Eri Marina Yo

Personal information
- Born: September 2, 1987 (age 38) Jakarta, Indonesia
- Height: 1.68 m (5 ft 6 in)
- Weight: 65 kg (143 lb; 10.2 st)
- Website: Official Site

Sport
- Country: Indonesia
- Sport: Speed skating

Achievements and titles
- Personal best(s): 300 m: 28.001 (2012) 500 m: 44.264 (2012)

Medal record
Women's speed skating
Representing Indonesia Pekan Olahraga Nasional
| Gold medal – first place | PON XIX 2016 Bandung | 42km |
| Gold medal – first place | PON XIX 2016 Bandung | Relay 3km |
| Gold medal – first place | PON XVIII 2012 Riau | 300m |
| Gold medal – first place | PON XVIII 2012 Riau | 300m |
| Gold medal – first place | PON XVIII 2012 Riau | 1500m |
| Gold medal – first place | PON XVIII 2012 Riau | Relay 5km |
| Gold medal – first place | PON XVII 2008 Samarinda | 300m |
| Gold medal – first place | PON XVII 2008 Samarinda | 500m |
| Gold medal – first place | PON XVII 2008 Samarinda | 10km |
| Gold medal – first place | PON XVII 2008 Samarinda | Relay 10km |
| Gold medal – first place | PON XVI 2004 Palembang | 300m |
| Gold medal – first place | PON XVI 2004 Palembang | 500m |
| Gold medal – first place | PON XVI 2004 Palembang | 5km |
| Gold medal – first place | PON XVI 2004 Palembang | Relay 5km |
| Gold medal – first place | PON XV 2000 Malang | 5km |
| Gold medal – first place | PON XV 2000 Malang | Relay 5km |
| Silver medal – second place | PON XIX 2016 Bandung | 1000m |
| Silver medal – second place | PON XV 2000 Malang | 3km |

= Eri Marina Yo =

Eri Marina Yo (born September 2, 1987, in Jakarta, Indonesia) is an Indonesia inline speed skater.

Yo is the first Indonesian who received the highest score at the Asianic Inline Cup in which she was titled as overall leader. She won more than 33 championships with 99 medals in regional and world events.

==Career==
She became the first athlete who set record in Indonesia National Games, Pekan Olahraga Nasional as four gold medalist, two times in consecutive, on 2004 and 2008. She represented East Kalimantan regional team on 2008 Pekan Olahraga Nasional, and represented Jakarta regional team at 2012 Pekan Olahraga Nasional in Riau. In 2011, she launched a roller sport school, Cross Roller Club, in Jakarta and Palembang.

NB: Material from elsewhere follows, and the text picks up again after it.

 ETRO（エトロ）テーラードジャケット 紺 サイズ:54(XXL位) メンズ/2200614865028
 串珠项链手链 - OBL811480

===2011 Southeast Asian Games===
Roller sports became a competition sport in Asian Games in Guangzhou, 2010 for the first time. Yo had been selected into roller sport national team to compete but withdrew. The following year, roller sport made its debut in Southeast Asian Games in Palembang, 2011, Yo had been called again into roller sport national team, but during the national training she had to withdraw due to a knee fracture injury.

===2012 Asian Beach Games===
Indonesia has participated in 10 events, including the premiere of roller sport. The selection of Indonesia roller sport national team, was held on International Roller Skating competition in Sidoarjo, 2012. Yo won two gold medals in 500 m and 1500 m, and defeated Huang Yu Ting from Chinese Taipei, 2010 Asian Games gold medalist and Ajeng Prasalita from Indonesia, 2011 Southeast Asian Games gold medalist, and Yo was crowned to represent Indonesia in Roller speed skating at the 2012 Asian Beach Games.

Yo lives in Kaohsiung and has trained with the Chinese Taipei team since 2012. In March 2012 she fractured her clavicle and acromioclavicular joint while training. At the Asian Beach Games Haiyang, June 2012, Eri placed 6th rank in 200 m and 5th rank in 500 m.